There have been a few independent attempts to add dplyr-like functionality to pandas without being backwards incompatible (e.g. dplython). I'd be very happy if the core pandas team went down this path.

That being said, I don't have a good understanding of how strong the distinction is between "design issues" and "issues where money helps". There must be some overlap.

simen · on June 13, 2017

I'll have to speak in generalities as I don't know enough about NumPy in particular to comment.

> That being said, I don't have a good understanding of how strong the distinction is between "design issues" and "issues where money helps". There must be some overlap.

That's true, but many projects have turned out bad no matter how much more money has been spent compared to less expensive, but better projects. See: Design by committee. The design of an API obviously requires careful thought, which I suppose is work that could be paid. But the issue of getting everyone to agree on a design isn't one that money can solve, and then you need to make some hard decisions about backward incompatibility.
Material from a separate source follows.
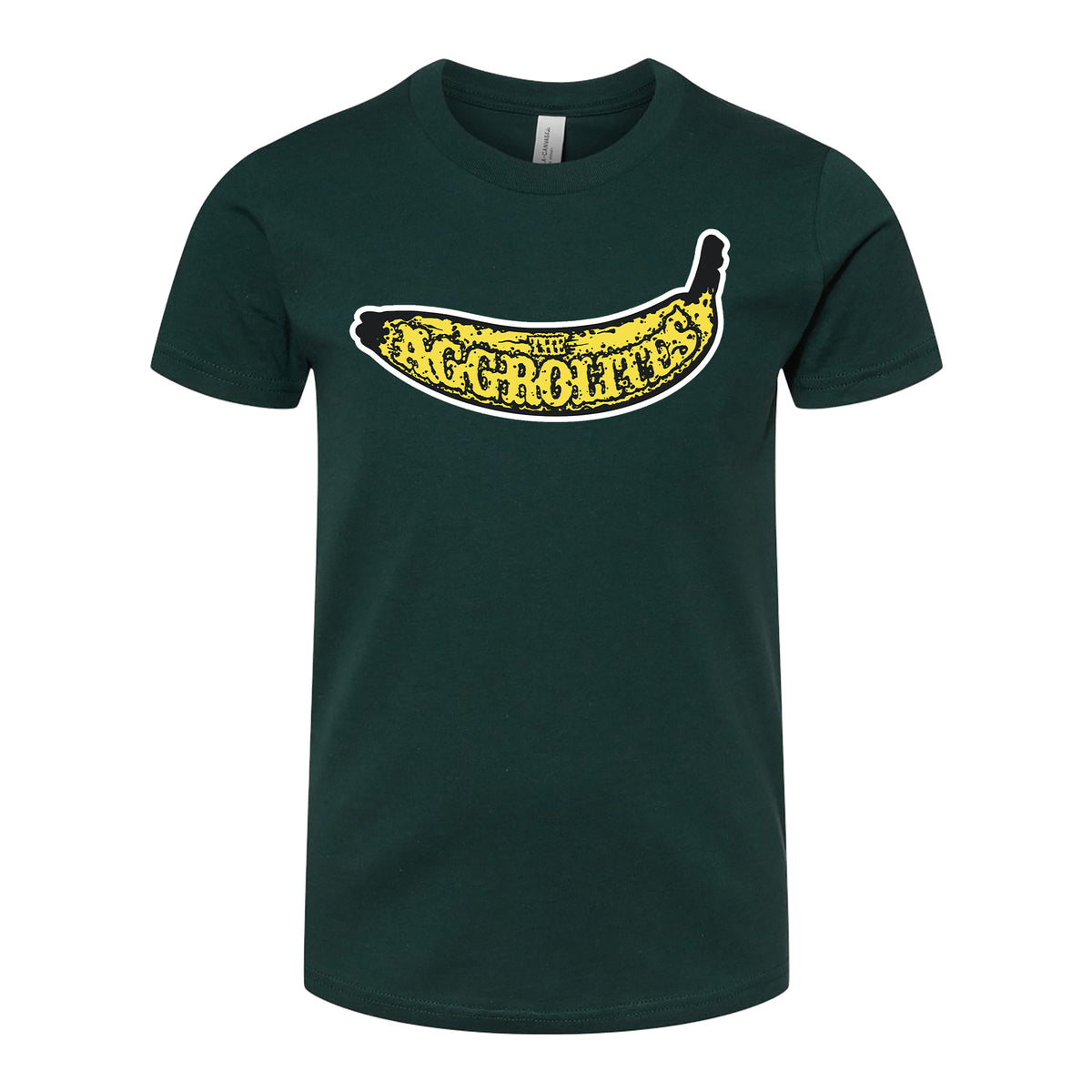 A dark green youth t-shirt by The Aggrolites, featuring a yellow Banana logo graphic and The Aggrobatics in textured lettering across the chest.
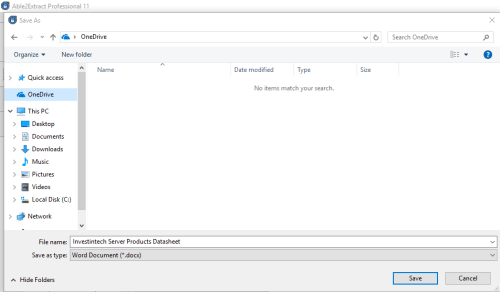 Convert PDF with Able2Extact: save conversion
Perhaps you'd fund a fork of the project, splitting it into an old legacy one and a new, fancy version with a new API, but then you're committed to maintaining two projects which is its own headache.

These are the kinds of things I mean by design issues. Problems that aren't necessarily hard because they require many people to work for many billable hours to solve them, but because finding acceptable compromises is a very human issue quite irrespective of the programming effort involved.

Many a software project has recognized that serious, backwards-incompatible changes would improve the project, and often there is even a working implementation, but these human and legacy support issues prevent widespread adoption and then the new implementation dies a quiet death because nobody is using it, so nobody finds it worth their time to work on it.

Perhaps what you really want is a new library, rather than trying to contort a different project into the shape you want. Which is of course something money helps with, but then when the money dries up the question of adoption is going to determine whether it lives or dies as an open source project.

Again, those were some general thoughts, I don't know much about this particular project, so maybe I'm way off base. Just offering an alternative POV regarding what exactly constitutes "getting your money's worth" with respect to choosing which OS projects to fund.

halflings · on June 13, 2017

pandas is often used for one-off reports, where backwards compatibility is not as important. Production software relying on the API could always depend on previous versions if a new version brings a significantly improved API.

I'm a regular user of pandas, would definitely say it's my favorite Python library by far... but it is very hard to do certain operations with it (as the OP said, anything involving multiple indexes, and things like plotting multiple plots after a groupby, etc.)

simen · on June 13, 2017

Ok, I might very well be totally off base. Sorry for butting in on a subject that I don't know much about.